Try it
Write out the listing below character for character, though without its pictures.

The data
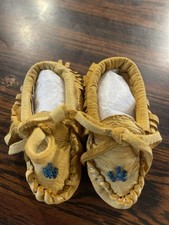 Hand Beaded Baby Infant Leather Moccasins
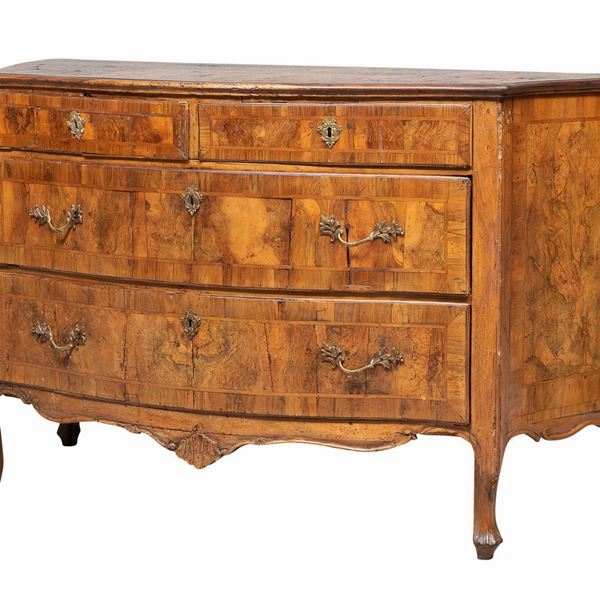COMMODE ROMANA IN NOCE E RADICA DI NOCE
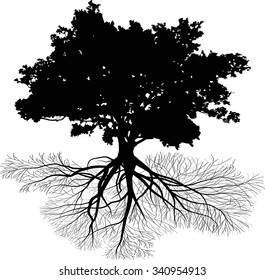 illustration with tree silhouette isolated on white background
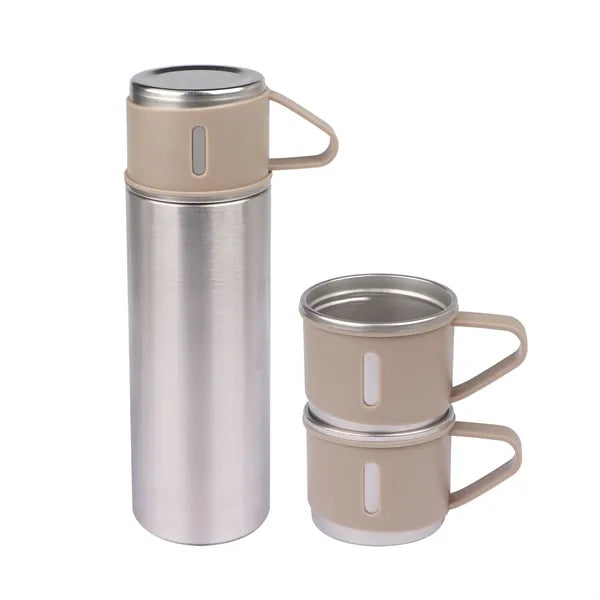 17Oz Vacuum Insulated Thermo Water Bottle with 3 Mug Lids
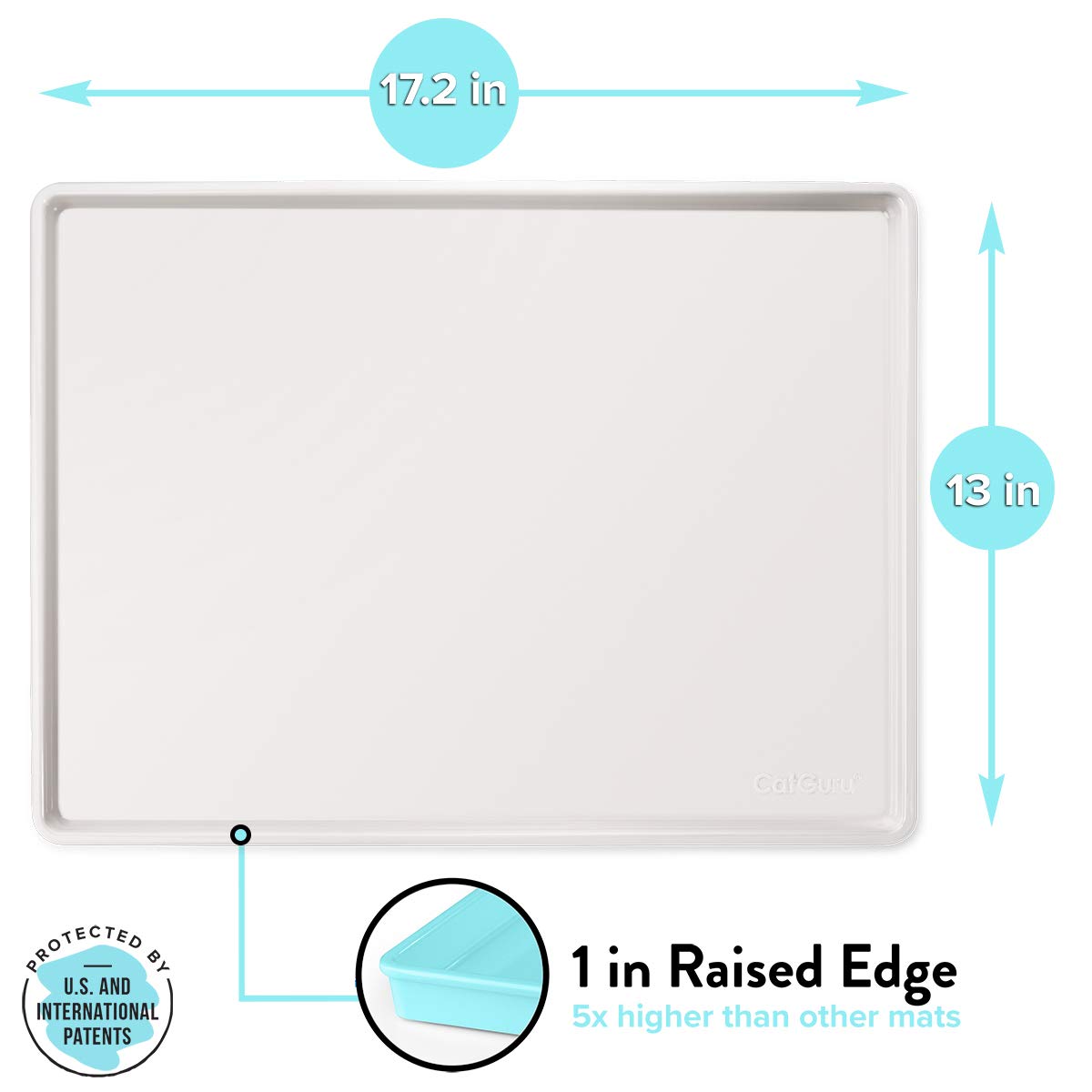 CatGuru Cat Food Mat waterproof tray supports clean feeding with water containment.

Your solution
 Hand Beaded Baby Infant Leather Moccasins
COMMODE ROMANA IN NOCE E RADICA DI NOCE
 illustration with tree silhouette isolated on white background
 17Oz Vacuum Insulated Thermo Water Bottle with 3 Mug Lids
 CatGuru Cat Food Mat waterproof tray supports clean feeding with water containment.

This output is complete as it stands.